China is set to drill for shale gas in a big way, largely spurred by growing domestic energy demand and also encouraged by the US shale story, where producers are facing over-capacity.
The recently released Chinese White Paper on Energy calls to boost the use of natural gas, through LNG imports and bumping up domestic production.
The top energy user is looking to triple its natural gas use to meet about 10% of its total energy demand by the end of this decade, and cut greenhouse gas emissions from coal use and reliance on imported oil.
To boost domestic production, China has launched the second round of auctions for shale exploration blocks. To spur interest, the Chinese Ministry of Finance said earlier this month it would offer a subsidy of 0.4 yuan for every cubic metre of shale gas produced from 2012-15.
Additionally, local governments can also offer further subsidies to spur development.
Many in the industry see these measures as generous, and one that shows Beijing’s keenness to develop domestic shale assets.
“The shale gas subsidy exceeded expectations,” a China International Capital Corp research report said, highlighting Chinese energy policy goals for commercial production.
While these measures are seen as significant, there are others who underline the disconnect between production mandates and lack of progress in the ground.
According to the US Energy Information Administration, China is estimated to hold the world’s largest reserve of shale gas, which could support the country’s gas consumption for the next 200 years, making it gas independent.

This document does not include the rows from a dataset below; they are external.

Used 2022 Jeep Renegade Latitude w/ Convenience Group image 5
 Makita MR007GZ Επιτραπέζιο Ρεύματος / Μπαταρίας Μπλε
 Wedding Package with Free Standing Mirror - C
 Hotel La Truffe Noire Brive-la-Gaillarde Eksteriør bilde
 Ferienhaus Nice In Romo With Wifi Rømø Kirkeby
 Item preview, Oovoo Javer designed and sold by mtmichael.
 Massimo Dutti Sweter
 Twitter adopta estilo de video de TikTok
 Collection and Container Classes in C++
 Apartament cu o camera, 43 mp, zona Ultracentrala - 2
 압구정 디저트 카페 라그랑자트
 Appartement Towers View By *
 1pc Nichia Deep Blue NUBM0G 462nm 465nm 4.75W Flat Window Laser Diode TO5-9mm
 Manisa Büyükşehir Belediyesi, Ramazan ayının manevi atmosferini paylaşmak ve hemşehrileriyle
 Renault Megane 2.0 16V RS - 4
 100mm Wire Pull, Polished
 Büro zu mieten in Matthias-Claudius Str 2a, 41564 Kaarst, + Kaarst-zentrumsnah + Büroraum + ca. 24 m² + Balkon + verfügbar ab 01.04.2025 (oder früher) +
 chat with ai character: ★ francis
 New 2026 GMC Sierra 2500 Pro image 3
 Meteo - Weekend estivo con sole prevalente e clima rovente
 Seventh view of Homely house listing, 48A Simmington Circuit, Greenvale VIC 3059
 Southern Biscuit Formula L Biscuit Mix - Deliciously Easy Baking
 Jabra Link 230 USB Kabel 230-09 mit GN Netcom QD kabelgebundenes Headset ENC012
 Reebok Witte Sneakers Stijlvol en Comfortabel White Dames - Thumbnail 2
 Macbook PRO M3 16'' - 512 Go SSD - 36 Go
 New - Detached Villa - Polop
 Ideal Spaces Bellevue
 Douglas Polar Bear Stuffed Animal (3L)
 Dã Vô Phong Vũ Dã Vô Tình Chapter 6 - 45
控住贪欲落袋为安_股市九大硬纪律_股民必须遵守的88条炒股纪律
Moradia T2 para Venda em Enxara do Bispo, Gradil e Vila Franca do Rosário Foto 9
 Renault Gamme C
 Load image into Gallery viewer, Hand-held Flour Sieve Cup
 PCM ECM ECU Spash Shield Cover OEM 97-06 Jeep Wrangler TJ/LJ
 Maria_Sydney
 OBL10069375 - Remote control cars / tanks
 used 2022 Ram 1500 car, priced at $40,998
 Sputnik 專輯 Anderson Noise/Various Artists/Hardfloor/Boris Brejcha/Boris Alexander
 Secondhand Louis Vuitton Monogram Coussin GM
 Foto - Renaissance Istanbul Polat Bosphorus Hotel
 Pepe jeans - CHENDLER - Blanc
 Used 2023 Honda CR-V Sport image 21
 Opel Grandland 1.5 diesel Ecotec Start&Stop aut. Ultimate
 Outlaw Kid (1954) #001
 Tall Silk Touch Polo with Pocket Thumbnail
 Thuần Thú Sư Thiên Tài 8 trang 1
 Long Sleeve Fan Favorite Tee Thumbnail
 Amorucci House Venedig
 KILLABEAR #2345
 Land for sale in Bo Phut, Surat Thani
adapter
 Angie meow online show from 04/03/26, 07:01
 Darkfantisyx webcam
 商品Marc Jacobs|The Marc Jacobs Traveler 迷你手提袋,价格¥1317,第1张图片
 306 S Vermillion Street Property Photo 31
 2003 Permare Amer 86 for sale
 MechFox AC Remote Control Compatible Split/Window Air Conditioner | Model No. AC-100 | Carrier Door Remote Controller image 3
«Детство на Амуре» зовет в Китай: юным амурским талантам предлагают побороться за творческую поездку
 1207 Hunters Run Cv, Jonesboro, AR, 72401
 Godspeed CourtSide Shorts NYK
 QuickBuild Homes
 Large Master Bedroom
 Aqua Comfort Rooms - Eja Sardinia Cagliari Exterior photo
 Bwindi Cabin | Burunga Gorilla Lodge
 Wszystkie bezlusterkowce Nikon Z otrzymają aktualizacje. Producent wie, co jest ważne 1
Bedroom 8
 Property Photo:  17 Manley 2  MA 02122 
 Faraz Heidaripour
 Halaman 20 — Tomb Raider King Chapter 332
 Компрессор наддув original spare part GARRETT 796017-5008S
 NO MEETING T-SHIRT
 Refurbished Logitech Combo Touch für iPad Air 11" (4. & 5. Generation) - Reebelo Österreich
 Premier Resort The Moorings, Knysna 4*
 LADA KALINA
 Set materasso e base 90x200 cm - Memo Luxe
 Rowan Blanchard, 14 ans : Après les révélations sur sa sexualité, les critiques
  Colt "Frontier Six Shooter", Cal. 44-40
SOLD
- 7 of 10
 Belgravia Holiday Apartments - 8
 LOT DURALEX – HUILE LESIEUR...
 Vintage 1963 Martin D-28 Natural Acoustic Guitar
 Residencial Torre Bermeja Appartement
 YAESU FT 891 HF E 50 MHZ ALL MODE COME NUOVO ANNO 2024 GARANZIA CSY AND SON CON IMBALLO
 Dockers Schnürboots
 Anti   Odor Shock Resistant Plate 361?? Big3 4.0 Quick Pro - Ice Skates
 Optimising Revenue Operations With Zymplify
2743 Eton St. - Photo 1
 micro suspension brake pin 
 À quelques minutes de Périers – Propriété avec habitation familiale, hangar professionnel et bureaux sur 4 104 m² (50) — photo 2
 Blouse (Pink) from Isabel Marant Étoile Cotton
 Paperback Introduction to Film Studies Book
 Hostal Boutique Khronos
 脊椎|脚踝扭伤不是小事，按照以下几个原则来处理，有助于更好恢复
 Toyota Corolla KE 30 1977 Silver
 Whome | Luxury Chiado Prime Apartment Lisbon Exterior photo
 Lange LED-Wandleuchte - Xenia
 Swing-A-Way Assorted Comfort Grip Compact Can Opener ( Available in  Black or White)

The Chinese Ministry of Land and Resources also estimates that China has 25.08 trillion cubic meters of shale gas in its exploitable reserves.
To feed the growing energy demand, China plans to produce 6.5 billion cubic metres of shale gas annually by 2015 and to commercialise production by end of the decade.
Much of that ambition could remain unrealised because analysts believe the target is too hard to achieve, given the uncertainties over geology and shale technology in China.
A recent UBS research note pointed out that it would take at least a decade to get the costs down to a level where it would be economical to produce shale gas in China.
It notes China’s shale gas is suitable for commercial production only if the costs of development in the primary reserves can fall below 2.3 yuan per cubic metre.
However, the country has undertaken just two rounds of auctions for shale gas exploration blocks, with the latest one concluded last month.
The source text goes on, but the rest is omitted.